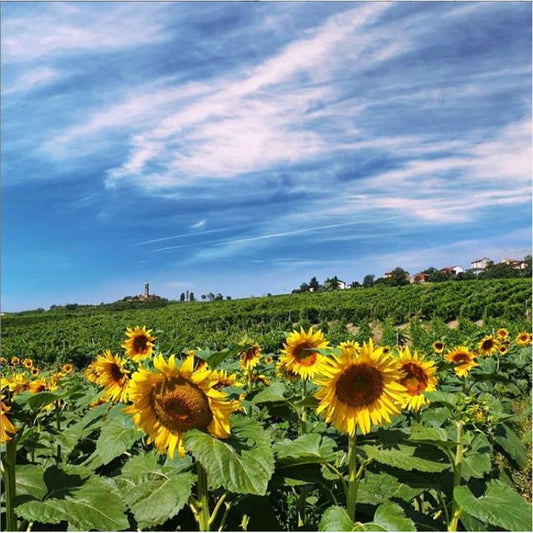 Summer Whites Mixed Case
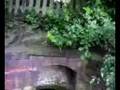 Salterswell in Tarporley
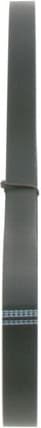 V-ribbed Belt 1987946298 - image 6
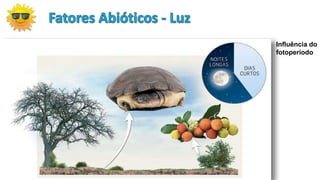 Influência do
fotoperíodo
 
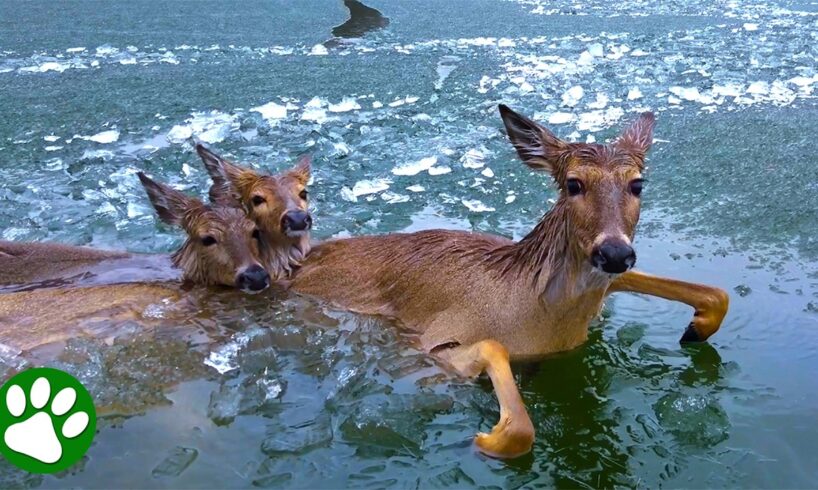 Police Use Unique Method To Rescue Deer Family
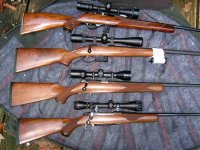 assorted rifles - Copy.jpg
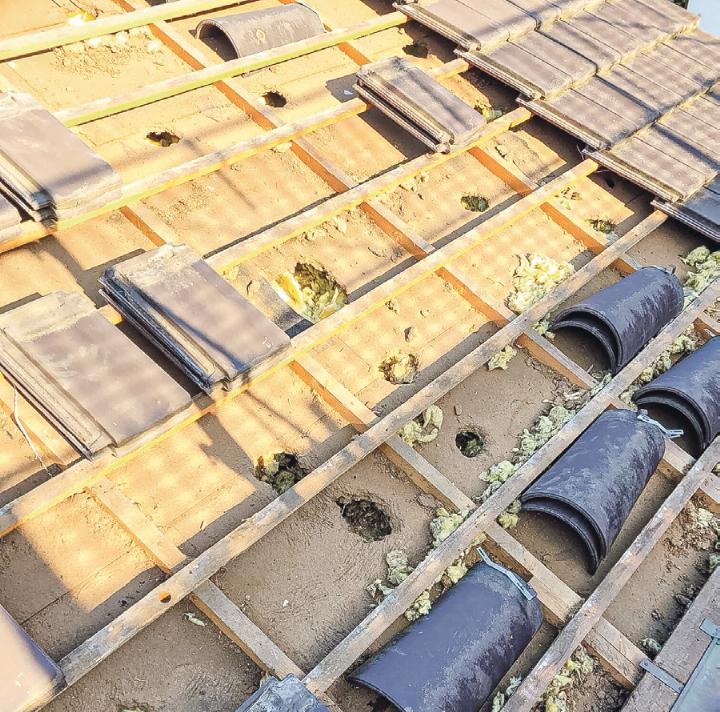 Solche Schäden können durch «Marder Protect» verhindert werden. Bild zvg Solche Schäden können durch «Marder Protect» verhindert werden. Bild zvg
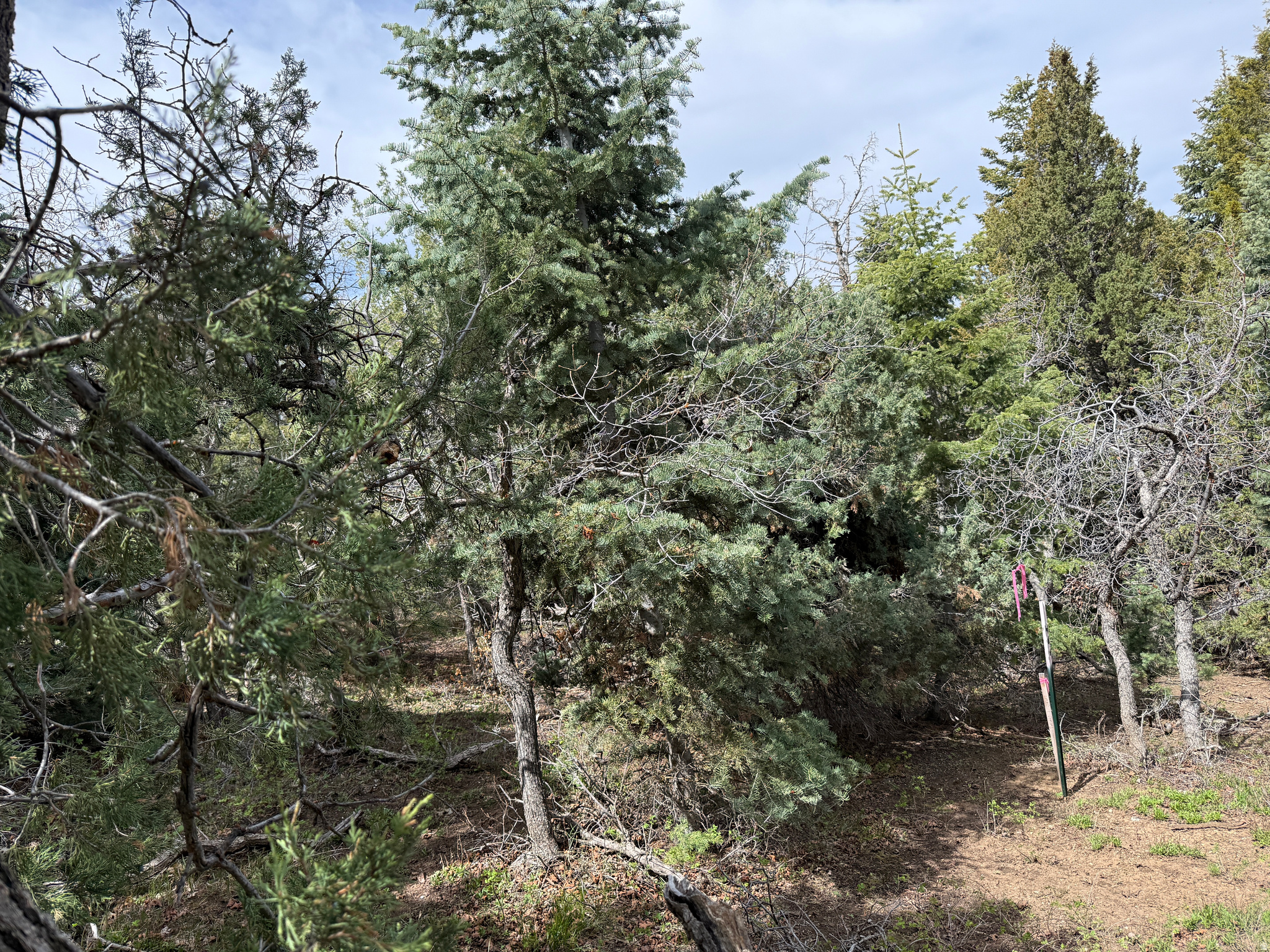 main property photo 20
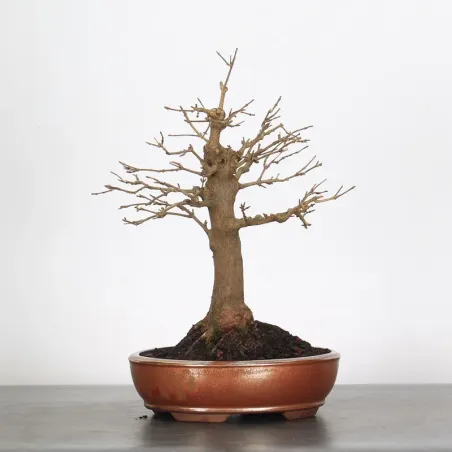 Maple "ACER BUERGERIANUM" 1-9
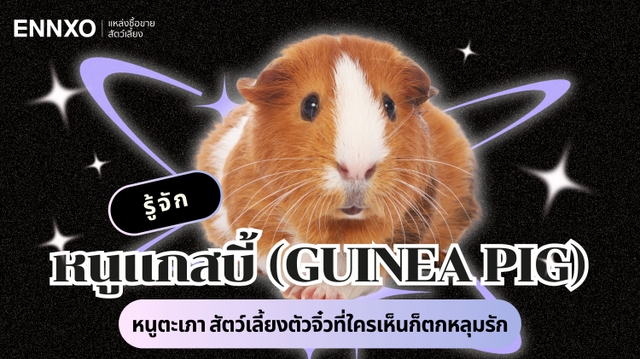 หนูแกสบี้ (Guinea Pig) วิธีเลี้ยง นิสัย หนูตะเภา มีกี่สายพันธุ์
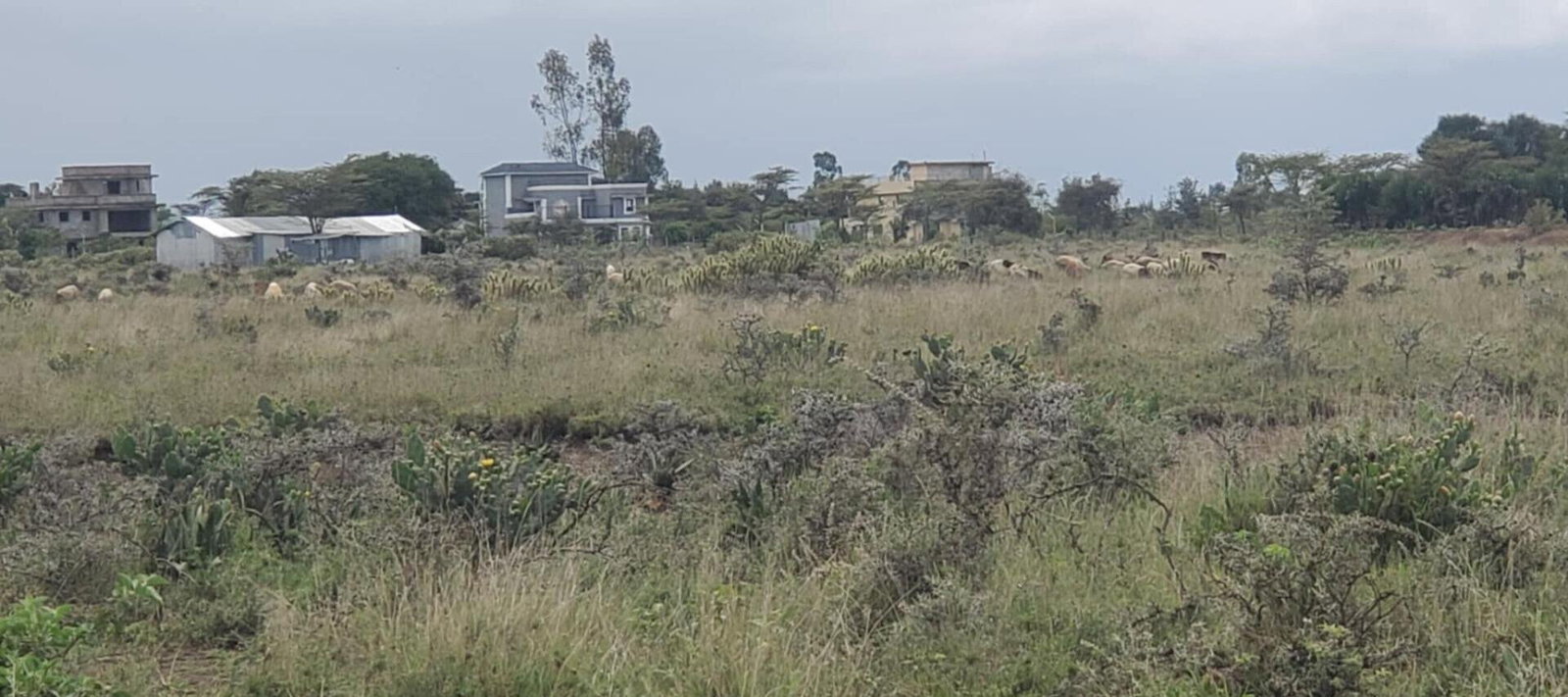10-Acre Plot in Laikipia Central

----

= What to do =
Each line from the first line of the entries through the line containing "main property photo 20" should be duplicated word for word, and nothing more; the pictures stay out.

= Your response =
 Summer Whites Mixed Case
 Salterswell in Tarporley
 V-ribbed Belt 1987946298 - image 6
 Influência do
fotoperíodo
 
 Police Use Unique Method To Rescue Deer Family
 assorted rifles - Copy.jpg
 Solche Schäden können durch «Marder Protect» verhindert werden. Bild zvg Solche Schäden können durch «Marder Protect» verhindert werden. Bild zvg
 main property photo 20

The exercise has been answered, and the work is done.